NYC quintet The Pizza Underground make pizza music

NYC quintet The Pizza Underground make pizza music

What do you make of a The Velvet Underground cover band that sings only about pizza? Better yet, a band whose entire repertoire lasts all of eight minutes and includes songs like I'm Beginning To Eat The Slice, Cheese Days, All The Pizza Parties, Pizza Gal and a self-explanatory one called Pizza.

New York City quintet The Pizza Underground - the name they go by - will likely never hear the end of it.

But they are appalled they might even be thought of as a joke band.

"I'm deeply offended by that," band member Phoebe Kreutz told M in a Skype interview from New York City last week.

"Obviously, this is not something that people should change their lives over. It's not the greatest or the worst thing, it's just...a thing."

ONLINE BUZZ

The project, which started from a "ridiculous idea", created online buzz early last month for more reasons than one.

The Pizza Underground, comprising Kreutz, her husband Matt Colbourn, Deenah Vollmer and Austin Kilham also includes Home Alone star Macaulay Culkin.

This is the newest side project for Culkin - who is also part of an art collective called 3MB - since his departure from acting. The Pizza Collective "try to sing in sync", but each member takes on a specific instrument.

Kreutz plays the glockenspiel, Culkin plays the kazoo, Kilham plays the tambourine, Colbourn plays the guitar while Vollmer converts a pizza box into an unlikely percussive instrument.

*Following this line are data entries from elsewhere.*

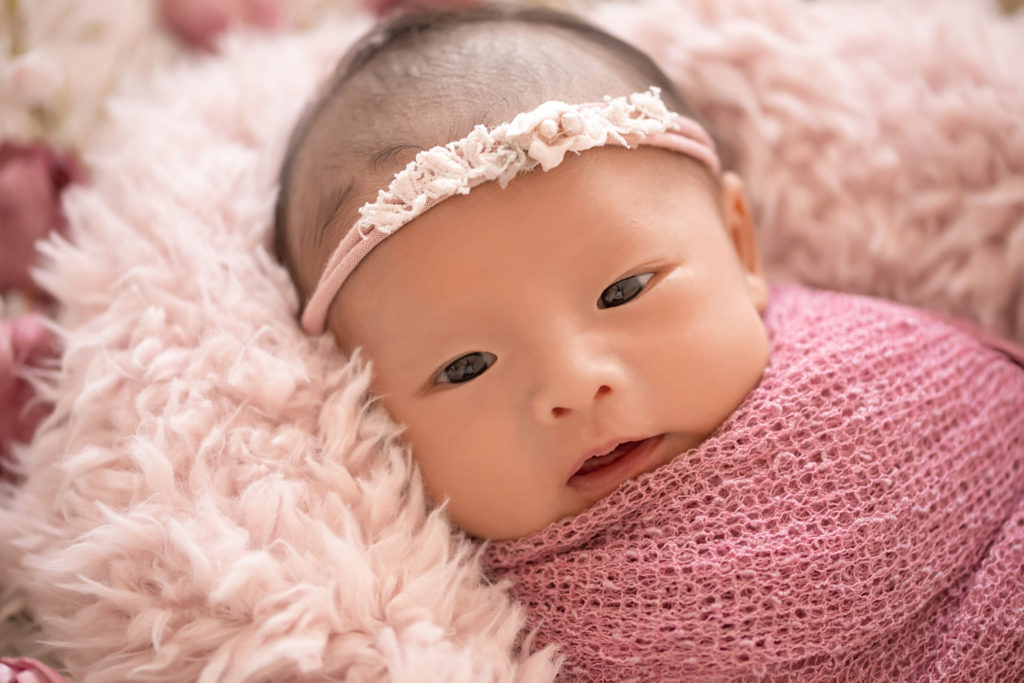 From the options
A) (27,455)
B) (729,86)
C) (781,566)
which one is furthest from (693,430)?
(27,455)

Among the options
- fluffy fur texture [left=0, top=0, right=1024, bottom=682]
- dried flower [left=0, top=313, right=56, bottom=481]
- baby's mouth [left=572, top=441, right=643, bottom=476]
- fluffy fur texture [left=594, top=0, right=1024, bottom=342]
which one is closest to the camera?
fluffy fur texture [left=0, top=0, right=1024, bottom=682]

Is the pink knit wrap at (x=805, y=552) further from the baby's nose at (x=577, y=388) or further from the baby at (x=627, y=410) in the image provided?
the baby's nose at (x=577, y=388)

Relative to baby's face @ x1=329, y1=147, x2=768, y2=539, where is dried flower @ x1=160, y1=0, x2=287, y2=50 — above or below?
above

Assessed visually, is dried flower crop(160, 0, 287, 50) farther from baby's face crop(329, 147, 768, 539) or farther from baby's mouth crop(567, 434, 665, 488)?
baby's mouth crop(567, 434, 665, 488)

To date, they have played a number of shows around New York City, and have a string of others lined up in the US for the rest of the month and in March.

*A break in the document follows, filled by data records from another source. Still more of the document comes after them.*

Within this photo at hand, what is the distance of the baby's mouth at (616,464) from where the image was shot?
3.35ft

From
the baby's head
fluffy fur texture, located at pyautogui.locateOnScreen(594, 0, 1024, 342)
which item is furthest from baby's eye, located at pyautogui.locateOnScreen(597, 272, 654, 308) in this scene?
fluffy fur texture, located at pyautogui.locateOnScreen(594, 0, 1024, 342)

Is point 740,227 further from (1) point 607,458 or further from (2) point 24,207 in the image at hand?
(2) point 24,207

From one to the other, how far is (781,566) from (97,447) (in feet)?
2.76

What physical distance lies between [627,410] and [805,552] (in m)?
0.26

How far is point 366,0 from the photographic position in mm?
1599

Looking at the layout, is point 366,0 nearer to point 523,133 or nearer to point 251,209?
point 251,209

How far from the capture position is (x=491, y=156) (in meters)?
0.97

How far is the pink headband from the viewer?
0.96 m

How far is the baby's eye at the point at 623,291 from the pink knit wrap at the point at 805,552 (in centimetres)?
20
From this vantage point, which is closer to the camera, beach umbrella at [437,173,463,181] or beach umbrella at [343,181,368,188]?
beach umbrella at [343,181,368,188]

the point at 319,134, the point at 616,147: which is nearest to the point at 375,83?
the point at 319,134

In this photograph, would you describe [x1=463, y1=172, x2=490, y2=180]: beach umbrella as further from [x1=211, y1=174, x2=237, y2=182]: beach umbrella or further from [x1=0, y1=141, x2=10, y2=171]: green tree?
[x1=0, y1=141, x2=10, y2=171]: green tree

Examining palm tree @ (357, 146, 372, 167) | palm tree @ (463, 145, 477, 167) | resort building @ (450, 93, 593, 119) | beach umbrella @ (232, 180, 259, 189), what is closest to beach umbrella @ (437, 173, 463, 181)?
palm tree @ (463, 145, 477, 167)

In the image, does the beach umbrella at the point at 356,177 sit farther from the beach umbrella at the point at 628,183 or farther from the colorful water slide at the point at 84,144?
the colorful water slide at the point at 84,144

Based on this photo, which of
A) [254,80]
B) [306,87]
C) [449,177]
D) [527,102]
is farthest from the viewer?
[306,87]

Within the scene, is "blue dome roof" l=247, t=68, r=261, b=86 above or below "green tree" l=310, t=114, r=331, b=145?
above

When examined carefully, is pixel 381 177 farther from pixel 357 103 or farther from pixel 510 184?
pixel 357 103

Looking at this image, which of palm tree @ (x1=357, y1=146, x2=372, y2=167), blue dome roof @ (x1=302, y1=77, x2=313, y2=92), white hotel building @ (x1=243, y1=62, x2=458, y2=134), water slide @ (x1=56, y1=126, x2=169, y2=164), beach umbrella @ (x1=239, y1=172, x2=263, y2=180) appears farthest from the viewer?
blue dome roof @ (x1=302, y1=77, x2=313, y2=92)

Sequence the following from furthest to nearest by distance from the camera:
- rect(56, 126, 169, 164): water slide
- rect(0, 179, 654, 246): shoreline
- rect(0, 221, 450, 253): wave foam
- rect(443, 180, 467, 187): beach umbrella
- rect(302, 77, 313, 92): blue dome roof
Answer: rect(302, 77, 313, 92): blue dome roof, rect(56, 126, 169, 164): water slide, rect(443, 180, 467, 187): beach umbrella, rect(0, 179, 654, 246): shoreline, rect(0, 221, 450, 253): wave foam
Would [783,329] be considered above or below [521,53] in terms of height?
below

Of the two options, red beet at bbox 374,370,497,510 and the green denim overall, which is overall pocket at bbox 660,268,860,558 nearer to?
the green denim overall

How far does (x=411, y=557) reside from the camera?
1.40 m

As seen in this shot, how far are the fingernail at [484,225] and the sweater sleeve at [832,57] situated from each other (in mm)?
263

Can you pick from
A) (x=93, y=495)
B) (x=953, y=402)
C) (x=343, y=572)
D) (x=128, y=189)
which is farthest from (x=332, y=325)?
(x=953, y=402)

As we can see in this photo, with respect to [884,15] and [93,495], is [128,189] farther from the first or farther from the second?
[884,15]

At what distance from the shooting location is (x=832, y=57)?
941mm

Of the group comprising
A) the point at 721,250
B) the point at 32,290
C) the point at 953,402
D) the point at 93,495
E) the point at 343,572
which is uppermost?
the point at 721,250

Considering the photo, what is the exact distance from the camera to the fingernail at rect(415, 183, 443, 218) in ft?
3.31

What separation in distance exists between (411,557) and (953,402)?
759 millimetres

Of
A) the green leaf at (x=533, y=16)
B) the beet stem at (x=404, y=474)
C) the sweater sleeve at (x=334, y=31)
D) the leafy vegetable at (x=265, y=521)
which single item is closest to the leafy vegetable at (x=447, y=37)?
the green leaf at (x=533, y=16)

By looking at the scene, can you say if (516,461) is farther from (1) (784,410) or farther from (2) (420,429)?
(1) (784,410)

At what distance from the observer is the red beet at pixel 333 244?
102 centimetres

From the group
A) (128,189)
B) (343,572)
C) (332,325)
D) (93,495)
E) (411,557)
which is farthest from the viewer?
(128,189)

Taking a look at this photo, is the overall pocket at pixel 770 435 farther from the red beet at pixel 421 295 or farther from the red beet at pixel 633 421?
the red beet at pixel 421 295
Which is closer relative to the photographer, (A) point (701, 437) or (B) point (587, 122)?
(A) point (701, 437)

The idea for the unconventional group sparked in November 2011 while at a train station in Spain, but properly kicked off this year after they recorded their nine-song demo at Culkin's home.

The reception was unexpected, said Kreutz, who said she was initially not taken by the idea.

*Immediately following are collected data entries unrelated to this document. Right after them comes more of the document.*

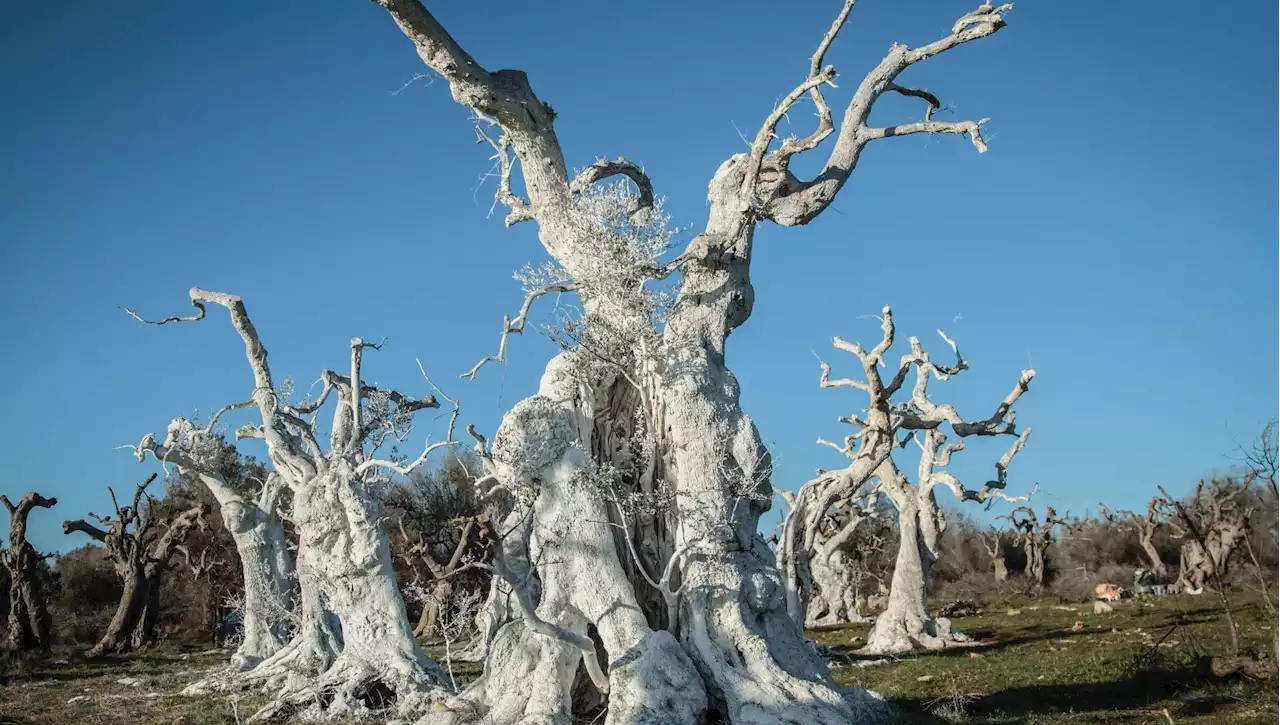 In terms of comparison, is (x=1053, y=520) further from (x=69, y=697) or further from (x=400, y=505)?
(x=69, y=697)

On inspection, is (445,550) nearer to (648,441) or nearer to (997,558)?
(997,558)

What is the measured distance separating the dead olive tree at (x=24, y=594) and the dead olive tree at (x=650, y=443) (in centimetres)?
1757

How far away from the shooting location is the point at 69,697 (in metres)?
16.9

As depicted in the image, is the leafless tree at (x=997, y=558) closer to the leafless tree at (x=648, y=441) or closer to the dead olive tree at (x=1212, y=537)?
the dead olive tree at (x=1212, y=537)

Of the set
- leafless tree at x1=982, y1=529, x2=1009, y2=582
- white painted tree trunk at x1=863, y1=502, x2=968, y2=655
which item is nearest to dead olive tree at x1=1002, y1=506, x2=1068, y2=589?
leafless tree at x1=982, y1=529, x2=1009, y2=582

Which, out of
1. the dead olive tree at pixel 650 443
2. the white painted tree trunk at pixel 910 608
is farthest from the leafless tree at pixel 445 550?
the dead olive tree at pixel 650 443

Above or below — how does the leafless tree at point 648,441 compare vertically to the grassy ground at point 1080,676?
above

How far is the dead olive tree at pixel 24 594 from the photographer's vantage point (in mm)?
25016

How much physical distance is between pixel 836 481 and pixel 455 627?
706cm

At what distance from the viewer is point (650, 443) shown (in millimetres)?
12000

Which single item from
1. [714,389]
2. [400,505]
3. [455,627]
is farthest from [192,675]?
[400,505]

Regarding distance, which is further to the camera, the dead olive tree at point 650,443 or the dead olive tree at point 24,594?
the dead olive tree at point 24,594

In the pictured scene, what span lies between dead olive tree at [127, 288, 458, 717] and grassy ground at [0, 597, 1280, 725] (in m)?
1.25

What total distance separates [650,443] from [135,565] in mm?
20887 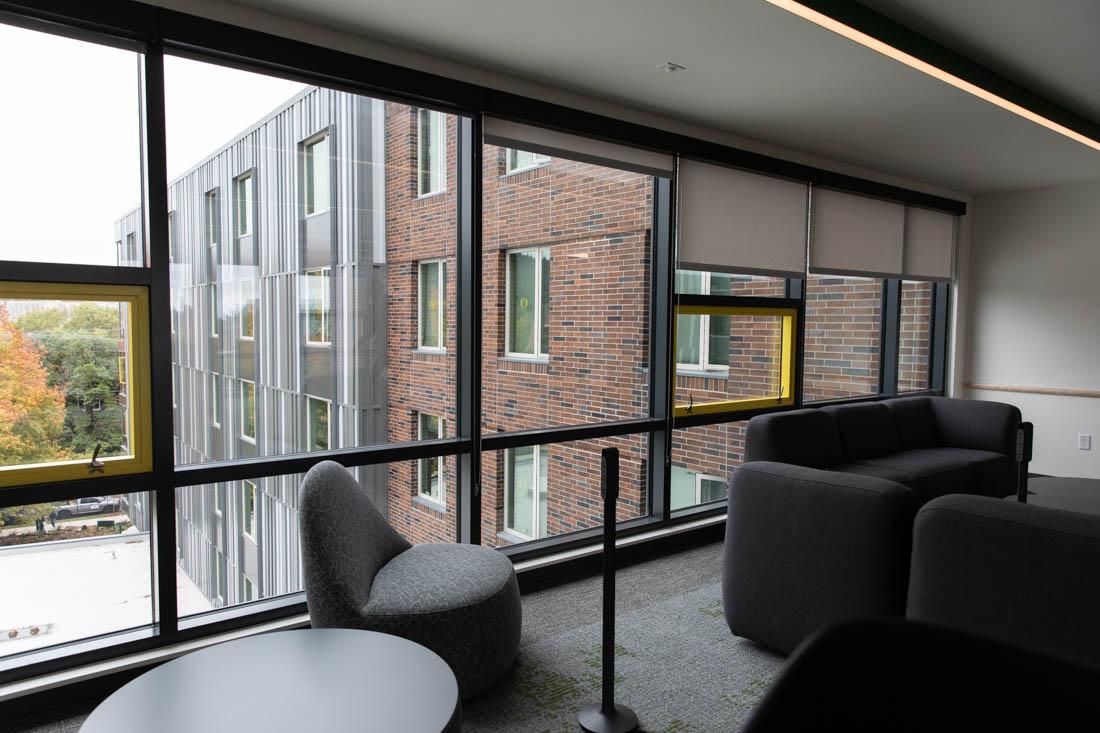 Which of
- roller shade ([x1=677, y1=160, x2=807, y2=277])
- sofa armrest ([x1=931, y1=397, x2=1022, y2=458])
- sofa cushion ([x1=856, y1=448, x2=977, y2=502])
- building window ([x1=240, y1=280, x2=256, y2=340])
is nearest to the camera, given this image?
building window ([x1=240, y1=280, x2=256, y2=340])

"I'm very surprised it lasted this long. We're always thinking of different projects, but this ended up being the most fun and exciting. If it lasted longer, I'd be delighted," she said.

Kreutz said that their good-humoured audience have been "pretty positive" about their music.

As a quintet, it is hard to take anything they do or say too seriously.

But as individuals, they are proper artists who have been part of the scene for some time.

Kreutz, for example, has a solo singing project and is also involved in theatre and television work.

OTHER MUSIC PROJECTS

Among themselves, they work together on various other music projects on top of The Pizza Underground.

Kreutz said of their latest venture: "It's a very collaborative process and there is a fair amount of laughing that goes on. We've been friends longer than we've been bandmates."

Asked about having Culkin as a friend and bandmate, Kreutz called him a "sweetheart" and has nothing but praise for him.

"He is a perfectionist, always ready to have fun and he's great fun at pizza music," she said, laughing. Why pizza?

"We're New Yorkers and here, people are passionate about their pizzas. There are so many other songs that we have yet to write relating to something so simple like pizza," Kreutz said.

It comes with great perks, too - like all that free pizza, for example.

"But at the end of it, I think we'll be crying for something that is not pizza," Kreutz half-joked.